Posted by My 2 Cents on November 14, 2017 at 15:47:51:
In Reply to: Re: Club team asked about my daughter switching teams posted by Me Too!!! on November 14, 2017 at 14:13:40:
: : : Had a strange situation come up recently.
: : : My daughter (8th grade) plays for a club that isn't one of the "elite" clubs, but has stayed with it for 3 years. She's improved tremendously, loves to play, and has grown physically just in the last 6 months or so. She wants to play in high school and talks about college, but we're fairly realistic and just support her in what she wants to do and will just let things play out, as long as she stays on top of school.
: : : At a tournament recently someone I don't know at all approached me and started asking about her, then identified himself as a coach for one of the "elite" clubs. He then started to tell me about all the potential benefits of switching to their club, the exposure playing on their national team, college scholarships, etc. and capped it off by saying we wouldn't have to pay to join.

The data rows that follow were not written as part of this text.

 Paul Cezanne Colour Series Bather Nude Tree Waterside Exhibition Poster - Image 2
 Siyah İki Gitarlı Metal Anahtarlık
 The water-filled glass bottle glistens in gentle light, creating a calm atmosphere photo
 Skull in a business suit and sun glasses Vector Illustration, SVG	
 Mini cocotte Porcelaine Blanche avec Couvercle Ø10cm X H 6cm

: : : I get that a bigger, more well-known club would probably have some benefits, but she's happy playing with her teammates and has gotten better, and I was a little taken aback by this approach. But is it something we should even consider if she really does want to play beyond high school? Checking out this forum actually scares me sometimes, all the crazy stuff that people say on here. Hard to know what the best thing to do is. Either way, I don't think we'll even think about it until later on in high school but just wanted to see if there were any rational opinions out there.
: : **********************************************
: : Like yourself I feel its a thin line between wanting to post on here or just walk away, SOME people don't have anything better to do than to berate young athletes and its hear to stomach. On other hand it could be some decent information on here as well. Anyway in my humble opinion, there are some factors that you have to consider that you might already know but I feel I should say.

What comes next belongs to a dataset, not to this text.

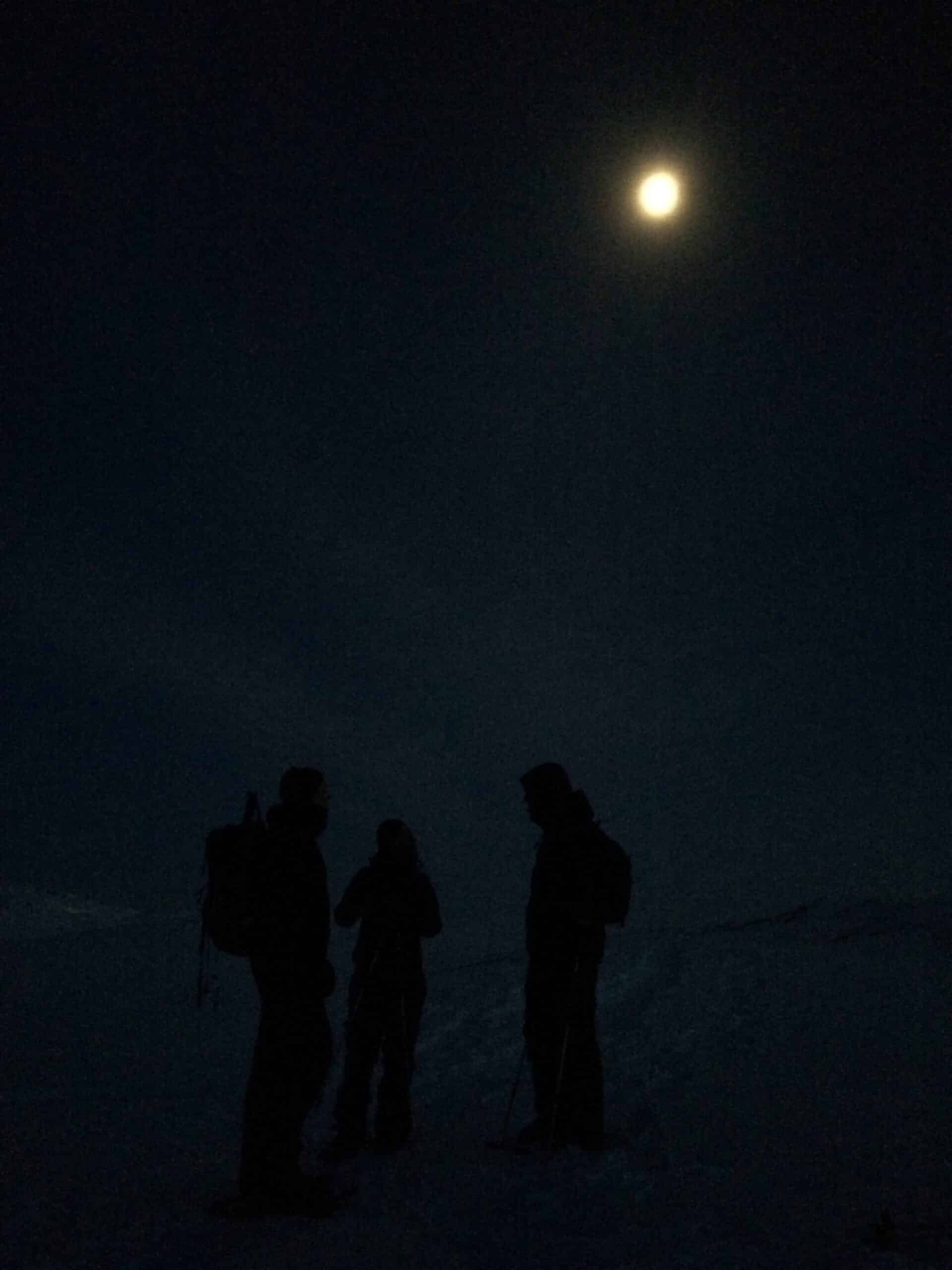 Snowshoeing in the moonlight Guide to Greenland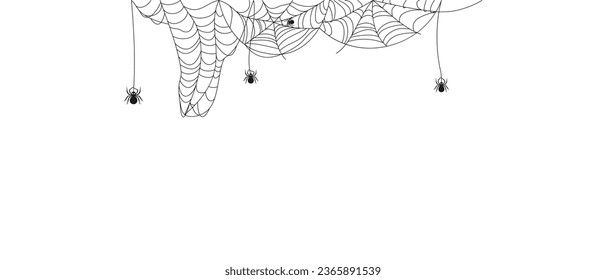 Halloween border with abstract spiderweb texture with spiders. Decor for Halloween celebration. Abstract texture of insect traps. Isolated graphic template. Vector illustration.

: : I personally dislike when these so-called elite club teams approach kids behind the current coaches back, its a cowardly act and desperate plea for their own benefit, proceed with caution. If your daughter enjoys playing for her club team at this point and you see the improvement then I suggest to stay or at least until this season is over. Once she reaches high school then maybe look into a club that can help her reach her goals. Don't look for words like Elite attached to the name, sometimes it can be misleading. Plenty of good clubs out there to choose from.
: : When you ready don't be afraid to look into the history of that club and ask around. If they are who they say they are, people will know and will have all the information you need.
: : GOOD LUCK, TRAIN TO PLAY!!!
Have to concur here. I don't have respect for coaches who try to "poach" other teams best players.
It's different if you approach them, but for them to approach you is just kind of slimy.
Here's the thing. If your daughter enjoys her team and coach, and you believe she is improving, then just leave her there.
If you have a good relationship with your coach, and you believe them to be level-headed, you can ask them about it.
The "big" clubs go through high school, while many of the "boutique" clubs are more youth oriented.
I know plenty of "boutique" club coaches who, if your daughter is that talented or potentially so, will want her to succeed and help you find a better fit if necessary. Many won't, but hopefully you are part of a good club that does feel that way.
One other potential thing to think about. These big "shoe teams" offer all this free stuff (tuition, gear, travel, etc.). With the ongoing FBI investigation, NIKE will most likely be pulling out of the high school travel scene in the next couple of years; and then that free stuff is no longer going to be free.
Also, if you aren't on their National EYBL team, or their National 15U team, nothing is free and you are basically paying for everyone who is on those teams.
Lastly, the most important thing is your daughter having fun. If she isn't having fun, one day she is just going to say she is done.